I am introducing a bunch of telemetry into our NSO repos.  we are python based.  

I've looked, and can't find reasonable examples of what to me seems common:
 - immediately before or after commit (dry run or not, revert or not, <type_one_of_those_ncs.dp.op.types.probably>) I want to capture a data structure I can interpret to see what I'd get as output at the cli.

 - I want this so I can include the EXACT delta in my structured logging, and fire it off to a collector with the rest. the point of this being a drive of the operator / developer to be able to diagnose runtime use of system and generate stats on it etc.

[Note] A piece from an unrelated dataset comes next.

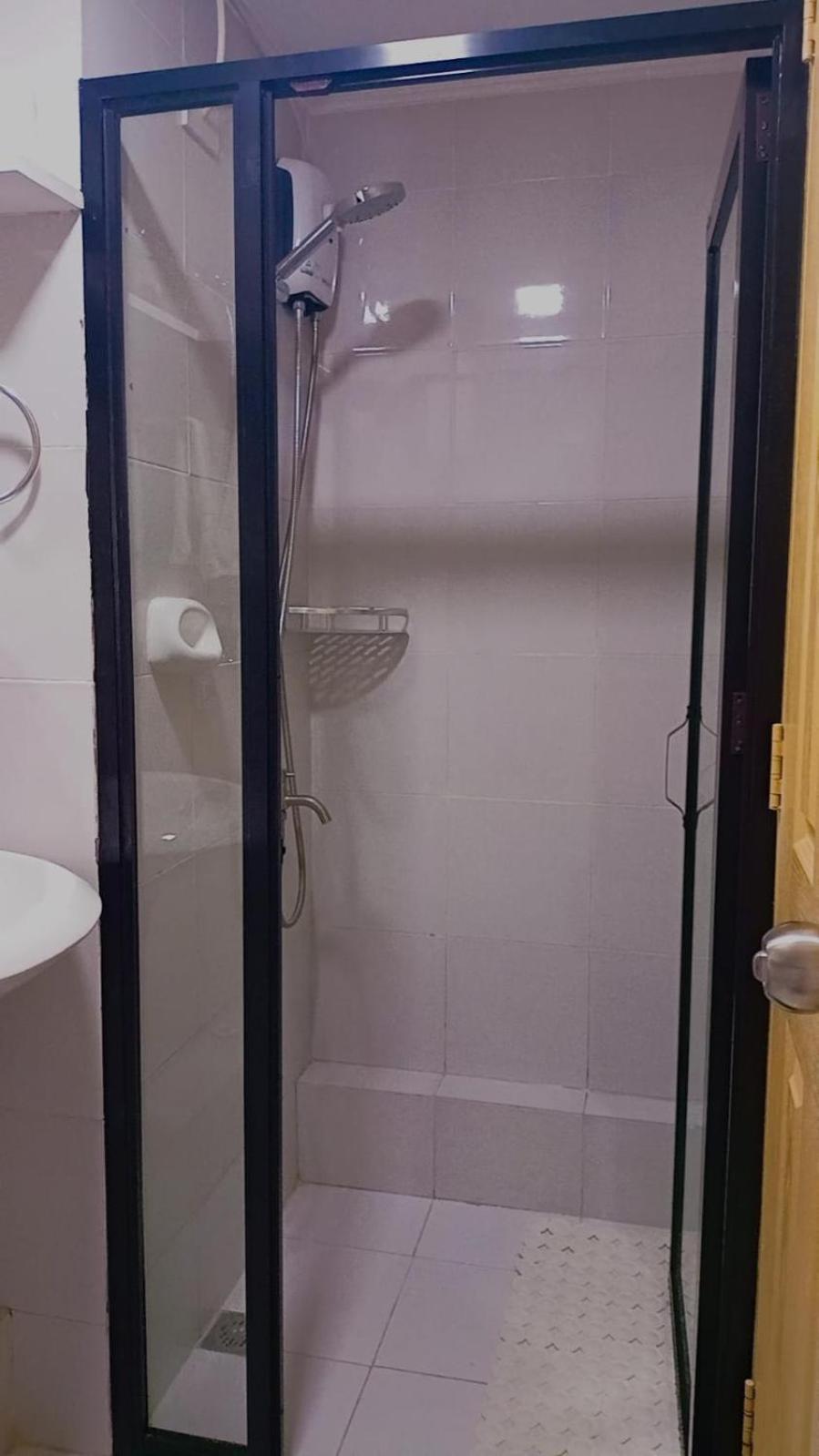 One Spatial Two Bedroom Condominium Unit with Pool and Gym free Netflix and wifi view 4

think we want ncs.cdb.diff_iterate()?  but I cannot find a reasonable example of how to implement this - I've seen some things such as a cisco example for 'blast_radius' on github.... but there's nothing showing how I actually say like iterator.get_next().

so if you will, quiz me this:
- i have a service: 'serviceABC', it sets snmp community, and a description.
 ->>> from WITHIN that nso application/service, at which point of the lifecycle is important, immediately after or before a commit, you tell me --->> I need to capture the diff.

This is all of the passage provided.